WEIGHING THE RISK OF CONTRAST

A 61-year-old female mentioned transient right-sided pleuritic chest pain to her nephrologist. When a CXR revealed a new moderate right-sided pleural effusion, he recommended a V/Q scan. Her glomerular filtration rate (eGFR) estimated at 32 ml/minute might not preclude a contrast study according to hospital protocols but she had only one functioning kidney. Extensive changes of intersitital lung disease were also reported on CXR. Lower extremity ultrasound did not reveal deep venous thrombosis.

Key question:

Would a V/Q scan provide any meaningful information given her extensive interstitial lung disease, bronchiectasis, and bullous emphysema?

This patient would most likely have an indeterminate or, perhaps, an intermediate probability scan. In a landmark PIOPED study, more than half of individuals with intermediate probability and indeterminate studies were found to actually have PE (pulmonary embolism).
Would hydration and mucomist provide suitable protection for PE protocol imaging?

Although hydration is definitely helpful, it may not provide adequate protection in patients with markedly compromised renal function. It is debatable whether mucomist would provide any additive benefit.
Should such a patient receive hemodialysis following administration of IV contrast for CT if required for adequate diagnosis or selection of treatment?

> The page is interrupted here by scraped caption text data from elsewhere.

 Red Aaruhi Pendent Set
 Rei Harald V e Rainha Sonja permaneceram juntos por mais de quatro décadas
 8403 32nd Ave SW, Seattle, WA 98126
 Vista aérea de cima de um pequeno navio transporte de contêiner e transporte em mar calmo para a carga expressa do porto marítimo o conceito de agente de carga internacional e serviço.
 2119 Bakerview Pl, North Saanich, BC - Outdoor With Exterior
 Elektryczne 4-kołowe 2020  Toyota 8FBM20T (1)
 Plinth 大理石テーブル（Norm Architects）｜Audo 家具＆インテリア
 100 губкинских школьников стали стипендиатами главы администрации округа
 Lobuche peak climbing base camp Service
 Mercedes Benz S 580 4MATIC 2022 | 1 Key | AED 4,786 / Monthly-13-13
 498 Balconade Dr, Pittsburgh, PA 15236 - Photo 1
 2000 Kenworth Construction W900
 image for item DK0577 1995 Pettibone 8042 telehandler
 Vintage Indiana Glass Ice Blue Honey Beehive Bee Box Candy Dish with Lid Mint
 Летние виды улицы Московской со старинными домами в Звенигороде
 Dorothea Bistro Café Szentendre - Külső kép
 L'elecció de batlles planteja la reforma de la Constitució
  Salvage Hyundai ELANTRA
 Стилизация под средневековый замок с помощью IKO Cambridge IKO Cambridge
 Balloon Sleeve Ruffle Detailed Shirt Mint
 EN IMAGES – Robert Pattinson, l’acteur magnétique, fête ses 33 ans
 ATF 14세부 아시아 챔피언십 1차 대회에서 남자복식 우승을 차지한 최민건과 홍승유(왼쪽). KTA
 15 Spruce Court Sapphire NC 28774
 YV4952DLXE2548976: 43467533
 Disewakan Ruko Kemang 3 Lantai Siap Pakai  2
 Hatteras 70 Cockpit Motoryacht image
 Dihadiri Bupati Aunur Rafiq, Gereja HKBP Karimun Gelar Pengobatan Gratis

Hemodialysis will not adequately remove contrast material to conserve renal function.
What are the risks of gadolinium in patients with compromised renal function?

Gadolinium can no longer be recommended due to high risk of NSF.
Would there be any utility to performing MR without gadolinium?

MRI is infrequently used to address PE, and then almost always with gadolinium enhancement of vessels. MRI does not offer a practical solution for obtaining a diagnostic quality examination of pulmonary vessels in an acutely ill, dyspneic patient.
What if this patient had pleuritic chest pain from active SLE?

If the patient has active SLE, it is possible that her renal insufficiency might become unstable, thereby further increasing her risk. This patient also had light chains in her urine consistent with multiple myeloma.